(Brief descriptive captions)
* * *

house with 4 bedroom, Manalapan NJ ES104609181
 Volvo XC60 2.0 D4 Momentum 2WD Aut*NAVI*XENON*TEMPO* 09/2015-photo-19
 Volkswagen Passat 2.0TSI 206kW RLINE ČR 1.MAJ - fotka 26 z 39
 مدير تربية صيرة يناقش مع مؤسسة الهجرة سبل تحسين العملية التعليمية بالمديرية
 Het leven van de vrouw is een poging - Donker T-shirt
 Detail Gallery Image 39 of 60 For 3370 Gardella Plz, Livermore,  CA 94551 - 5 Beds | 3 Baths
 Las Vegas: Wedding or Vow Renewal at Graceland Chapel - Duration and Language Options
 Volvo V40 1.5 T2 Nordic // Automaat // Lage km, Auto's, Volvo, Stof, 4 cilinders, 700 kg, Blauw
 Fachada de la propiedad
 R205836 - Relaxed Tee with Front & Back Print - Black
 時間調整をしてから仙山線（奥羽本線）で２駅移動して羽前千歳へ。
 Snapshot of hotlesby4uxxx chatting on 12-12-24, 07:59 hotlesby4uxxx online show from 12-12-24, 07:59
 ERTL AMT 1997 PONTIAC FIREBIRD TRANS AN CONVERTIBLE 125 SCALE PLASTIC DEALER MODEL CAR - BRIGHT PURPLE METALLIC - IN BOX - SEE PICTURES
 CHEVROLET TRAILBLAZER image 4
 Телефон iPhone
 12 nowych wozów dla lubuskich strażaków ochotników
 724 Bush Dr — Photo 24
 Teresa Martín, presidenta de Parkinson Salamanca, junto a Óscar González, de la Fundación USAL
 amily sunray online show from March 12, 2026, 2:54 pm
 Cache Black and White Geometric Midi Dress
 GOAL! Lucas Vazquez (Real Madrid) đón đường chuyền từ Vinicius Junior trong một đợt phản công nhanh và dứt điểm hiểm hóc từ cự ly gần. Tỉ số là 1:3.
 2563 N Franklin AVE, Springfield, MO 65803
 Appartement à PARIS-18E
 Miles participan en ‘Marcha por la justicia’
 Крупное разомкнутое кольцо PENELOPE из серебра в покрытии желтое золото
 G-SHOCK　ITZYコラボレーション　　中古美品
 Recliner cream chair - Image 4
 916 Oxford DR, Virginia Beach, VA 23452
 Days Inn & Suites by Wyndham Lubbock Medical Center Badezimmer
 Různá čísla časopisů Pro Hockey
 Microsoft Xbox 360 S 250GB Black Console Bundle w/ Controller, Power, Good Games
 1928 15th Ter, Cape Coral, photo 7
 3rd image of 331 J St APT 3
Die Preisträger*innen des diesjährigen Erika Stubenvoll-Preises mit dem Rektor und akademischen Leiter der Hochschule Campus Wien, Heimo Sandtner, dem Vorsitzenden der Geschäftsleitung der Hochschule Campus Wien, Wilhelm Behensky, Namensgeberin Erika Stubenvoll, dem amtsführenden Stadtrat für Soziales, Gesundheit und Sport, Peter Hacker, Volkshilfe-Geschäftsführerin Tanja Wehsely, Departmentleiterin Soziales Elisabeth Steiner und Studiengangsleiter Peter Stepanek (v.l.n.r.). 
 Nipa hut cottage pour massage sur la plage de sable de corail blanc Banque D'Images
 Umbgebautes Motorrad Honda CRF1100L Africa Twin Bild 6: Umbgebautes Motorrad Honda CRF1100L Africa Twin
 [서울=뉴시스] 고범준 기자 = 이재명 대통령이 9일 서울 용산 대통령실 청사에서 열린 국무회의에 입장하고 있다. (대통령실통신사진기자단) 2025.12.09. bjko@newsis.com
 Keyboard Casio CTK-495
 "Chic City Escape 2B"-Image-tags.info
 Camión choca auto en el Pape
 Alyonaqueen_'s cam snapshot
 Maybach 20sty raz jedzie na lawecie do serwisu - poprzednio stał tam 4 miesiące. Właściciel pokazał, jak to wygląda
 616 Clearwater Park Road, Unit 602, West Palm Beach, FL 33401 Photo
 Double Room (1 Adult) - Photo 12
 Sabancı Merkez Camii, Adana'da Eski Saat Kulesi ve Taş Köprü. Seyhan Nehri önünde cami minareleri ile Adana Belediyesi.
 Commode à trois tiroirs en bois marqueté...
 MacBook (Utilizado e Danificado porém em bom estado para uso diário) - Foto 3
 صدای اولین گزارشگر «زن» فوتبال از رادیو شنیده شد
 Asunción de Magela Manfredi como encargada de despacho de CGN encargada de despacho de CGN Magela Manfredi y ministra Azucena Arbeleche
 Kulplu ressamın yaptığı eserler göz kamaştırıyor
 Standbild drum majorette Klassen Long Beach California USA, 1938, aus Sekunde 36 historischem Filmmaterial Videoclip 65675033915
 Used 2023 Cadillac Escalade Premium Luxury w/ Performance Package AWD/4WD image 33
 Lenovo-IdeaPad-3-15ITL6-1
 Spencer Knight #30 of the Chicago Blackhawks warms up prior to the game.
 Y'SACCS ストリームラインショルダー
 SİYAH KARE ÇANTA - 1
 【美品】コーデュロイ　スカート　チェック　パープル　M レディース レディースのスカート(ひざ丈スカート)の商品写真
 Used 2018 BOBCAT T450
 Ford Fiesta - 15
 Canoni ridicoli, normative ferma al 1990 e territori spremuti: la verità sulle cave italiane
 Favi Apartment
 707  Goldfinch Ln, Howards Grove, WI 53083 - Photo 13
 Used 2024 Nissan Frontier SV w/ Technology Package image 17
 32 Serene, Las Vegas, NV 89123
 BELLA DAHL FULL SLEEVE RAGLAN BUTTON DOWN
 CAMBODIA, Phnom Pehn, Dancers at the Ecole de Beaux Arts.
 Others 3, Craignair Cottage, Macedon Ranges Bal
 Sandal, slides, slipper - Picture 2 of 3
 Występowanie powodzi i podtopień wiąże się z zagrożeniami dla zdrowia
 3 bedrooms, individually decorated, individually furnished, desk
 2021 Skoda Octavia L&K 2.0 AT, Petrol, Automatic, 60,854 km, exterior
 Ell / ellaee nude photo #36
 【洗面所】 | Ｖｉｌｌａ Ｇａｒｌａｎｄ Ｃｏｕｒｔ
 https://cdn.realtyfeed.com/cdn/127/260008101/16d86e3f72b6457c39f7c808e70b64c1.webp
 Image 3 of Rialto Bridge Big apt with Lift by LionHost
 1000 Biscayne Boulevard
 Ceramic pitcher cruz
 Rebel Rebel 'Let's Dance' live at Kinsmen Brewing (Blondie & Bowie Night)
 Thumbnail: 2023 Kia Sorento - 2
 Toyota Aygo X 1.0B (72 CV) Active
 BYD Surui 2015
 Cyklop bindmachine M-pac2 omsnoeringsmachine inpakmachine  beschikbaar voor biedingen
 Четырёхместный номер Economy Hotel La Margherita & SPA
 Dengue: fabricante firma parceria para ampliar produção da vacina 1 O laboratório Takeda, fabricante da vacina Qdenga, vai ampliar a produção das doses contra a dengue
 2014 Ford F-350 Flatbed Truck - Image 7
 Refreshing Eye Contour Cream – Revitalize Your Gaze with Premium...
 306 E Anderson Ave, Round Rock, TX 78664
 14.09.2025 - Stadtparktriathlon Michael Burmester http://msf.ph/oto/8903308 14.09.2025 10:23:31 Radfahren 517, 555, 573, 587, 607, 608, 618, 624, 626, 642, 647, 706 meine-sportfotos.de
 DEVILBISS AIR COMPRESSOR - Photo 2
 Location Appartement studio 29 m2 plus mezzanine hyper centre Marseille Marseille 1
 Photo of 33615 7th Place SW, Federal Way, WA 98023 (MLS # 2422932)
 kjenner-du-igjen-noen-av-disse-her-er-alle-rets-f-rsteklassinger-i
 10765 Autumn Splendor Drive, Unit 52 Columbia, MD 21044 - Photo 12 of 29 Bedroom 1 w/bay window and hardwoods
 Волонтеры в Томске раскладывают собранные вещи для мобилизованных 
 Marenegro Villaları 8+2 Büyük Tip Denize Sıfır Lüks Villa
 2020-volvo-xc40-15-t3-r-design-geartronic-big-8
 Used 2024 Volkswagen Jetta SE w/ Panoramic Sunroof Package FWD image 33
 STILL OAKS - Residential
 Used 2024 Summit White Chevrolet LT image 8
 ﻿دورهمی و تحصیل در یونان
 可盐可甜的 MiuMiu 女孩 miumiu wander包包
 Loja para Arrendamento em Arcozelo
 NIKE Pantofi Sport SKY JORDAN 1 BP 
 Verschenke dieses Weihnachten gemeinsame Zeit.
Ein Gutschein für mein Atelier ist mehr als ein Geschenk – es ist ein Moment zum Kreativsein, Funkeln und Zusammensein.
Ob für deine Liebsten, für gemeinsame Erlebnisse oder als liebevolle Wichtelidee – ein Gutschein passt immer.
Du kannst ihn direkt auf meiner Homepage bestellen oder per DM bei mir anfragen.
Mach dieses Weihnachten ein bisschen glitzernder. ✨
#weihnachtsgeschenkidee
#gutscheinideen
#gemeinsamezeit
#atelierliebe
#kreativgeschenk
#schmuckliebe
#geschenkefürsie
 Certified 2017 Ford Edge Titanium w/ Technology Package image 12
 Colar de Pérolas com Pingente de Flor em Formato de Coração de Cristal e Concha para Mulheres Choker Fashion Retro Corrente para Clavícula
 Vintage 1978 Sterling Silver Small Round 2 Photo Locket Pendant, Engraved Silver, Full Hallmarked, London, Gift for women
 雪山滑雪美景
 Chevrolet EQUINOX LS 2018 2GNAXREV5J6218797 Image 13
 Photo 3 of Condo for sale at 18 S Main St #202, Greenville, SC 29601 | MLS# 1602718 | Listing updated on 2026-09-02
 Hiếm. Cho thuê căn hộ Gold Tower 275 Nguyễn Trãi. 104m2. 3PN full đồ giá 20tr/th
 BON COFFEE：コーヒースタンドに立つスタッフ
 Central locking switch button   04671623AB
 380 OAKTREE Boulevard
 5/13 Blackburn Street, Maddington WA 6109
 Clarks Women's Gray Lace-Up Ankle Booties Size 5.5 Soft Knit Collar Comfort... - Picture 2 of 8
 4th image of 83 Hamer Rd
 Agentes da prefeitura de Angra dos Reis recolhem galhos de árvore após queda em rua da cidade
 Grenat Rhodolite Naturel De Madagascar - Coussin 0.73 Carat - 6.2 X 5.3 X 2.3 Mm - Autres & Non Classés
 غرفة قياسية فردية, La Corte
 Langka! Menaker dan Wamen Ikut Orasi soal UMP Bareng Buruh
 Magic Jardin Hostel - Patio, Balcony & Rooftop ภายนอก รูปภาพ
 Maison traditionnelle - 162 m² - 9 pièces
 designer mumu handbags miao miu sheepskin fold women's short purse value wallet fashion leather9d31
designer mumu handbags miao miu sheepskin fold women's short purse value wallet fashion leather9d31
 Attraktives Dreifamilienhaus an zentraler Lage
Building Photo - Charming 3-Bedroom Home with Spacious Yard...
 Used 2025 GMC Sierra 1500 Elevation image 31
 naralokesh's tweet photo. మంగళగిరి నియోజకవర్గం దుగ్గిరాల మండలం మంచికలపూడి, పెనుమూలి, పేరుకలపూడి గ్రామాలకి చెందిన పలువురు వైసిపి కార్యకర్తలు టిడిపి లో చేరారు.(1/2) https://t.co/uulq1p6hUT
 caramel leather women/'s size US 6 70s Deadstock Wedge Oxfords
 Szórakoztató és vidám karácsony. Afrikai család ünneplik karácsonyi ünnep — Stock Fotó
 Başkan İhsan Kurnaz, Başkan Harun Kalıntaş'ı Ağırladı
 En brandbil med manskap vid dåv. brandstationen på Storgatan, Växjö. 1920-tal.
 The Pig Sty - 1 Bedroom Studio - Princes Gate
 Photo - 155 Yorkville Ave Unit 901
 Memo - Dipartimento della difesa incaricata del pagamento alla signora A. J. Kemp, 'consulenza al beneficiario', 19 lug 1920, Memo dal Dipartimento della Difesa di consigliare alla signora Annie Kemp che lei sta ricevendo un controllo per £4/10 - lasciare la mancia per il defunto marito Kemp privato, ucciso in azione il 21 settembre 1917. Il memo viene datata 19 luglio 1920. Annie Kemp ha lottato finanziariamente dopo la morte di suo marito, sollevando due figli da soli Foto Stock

* * *

## WHAT THE TASK ASKS
From the entries above, return exactly the line containing "Thumbnail: 2023 Kia Sorento - 2", the line containing "Used 2024 Volkswagen", and all lines between, and nothing else.

## OUTPUT
 Thumbnail: 2023 Kia Sorento - 2
 Toyota Aygo X 1.0B (72 CV) Active
 BYD Surui 2015
 Cyklop bindmachine M-pac2 omsnoeringsmachine inpakmachine  beschikbaar voor biedingen
 Четырёхместный номер Economy Hotel La Margherita & SPA
 Dengue: fabricante firma parceria para ampliar produção da vacina 1 O laboratório Takeda, fabricante da vacina Qdenga, vai ampliar a produção das doses contra a dengue
 2014 Ford F-350 Flatbed Truck - Image 7
 Refreshing Eye Contour Cream – Revitalize Your Gaze with Premium...
 306 E Anderson Ave, Round Rock, TX 78664
 14.09.2025 - Stadtparktriathlon Michael Burmester http://msf.ph/oto/8903308 14.09.2025 10:23:31 Radfahren 517, 555, 573, 587, 607, 608, 618, 624, 626, 642, 647, 706 meine-sportfotos.de
 DEVILBISS AIR COMPRESSOR - Photo 2
 Location Appartement studio 29 m2 plus mezzanine hyper centre Marseille Marseille 1
 Photo of 33615 7th Place SW, Federal Way, WA 98023 (MLS # 2422932)
 kjenner-du-igjen-noen-av-disse-her-er-alle-rets-f-rsteklassinger-i
 10765 Autumn Splendor Drive, Unit 52 Columbia, MD 21044 - Photo 12 of 29 Bedroom 1 w/bay window and hardwoods
 Волонтеры в Томске раскладывают собранные вещи для мобилизованных 
 Marenegro Villaları 8+2 Büyük Tip Denize Sıfır Lüks Villa
 2020-volvo-xc40-15-t3-r-design-geartronic-big-8
 Used 2024 Volkswagen Jetta SE w/ Panoramic Sunroof Package FWD image 33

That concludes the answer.